== Exercise aim ==
Copy each line below as it stands, but skip any picture it contains.

== Data ==
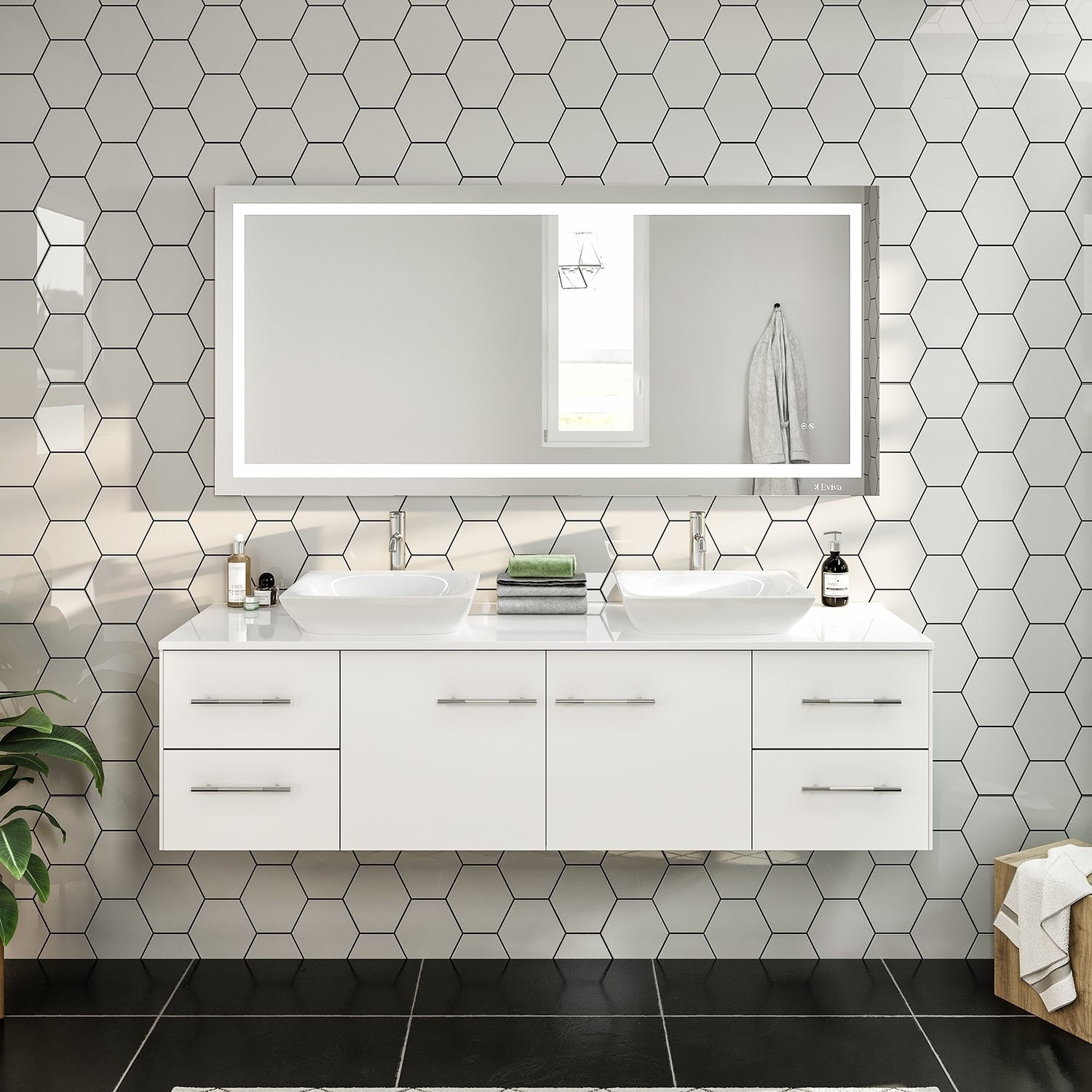Totti Wave 60 Inch White Modern Bathroom Vanity With Counter Top And Double Sinks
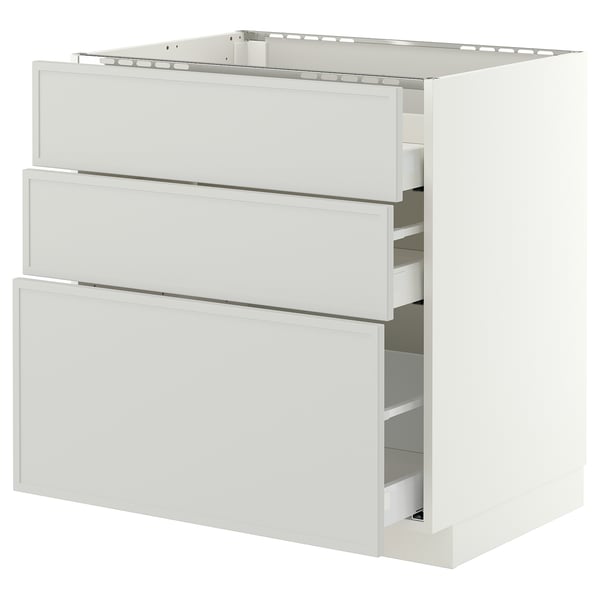 METOD / MAXIMERA Base cab f hob/3 fronts/3 drawers, white/Aspudden light grey, 80x60x80 cm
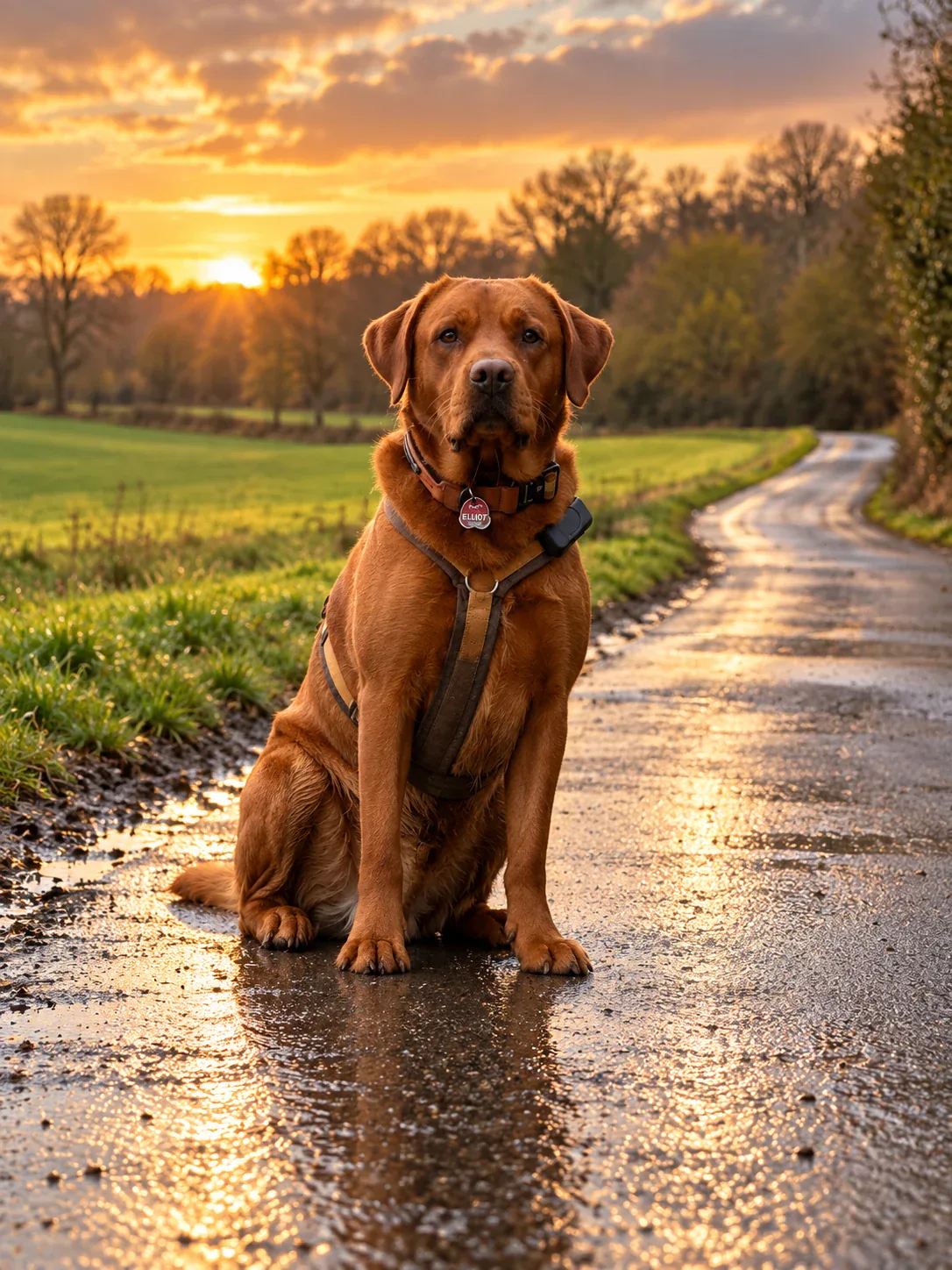 Fox Red Labrador Deckrüde Chief Elliot im goldenen Abendlicht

== Exercise output ==
Totti Wave 60 Inch White Modern Bathroom Vanity With Counter Top And Double Sinks
 METOD / MAXIMERA Base cab f hob/3 fronts/3 drawers, white/Aspudden light grey, 80x60x80 cm
 Fox Red Labrador Deckrüde Chief Elliot im goldenen Abendlicht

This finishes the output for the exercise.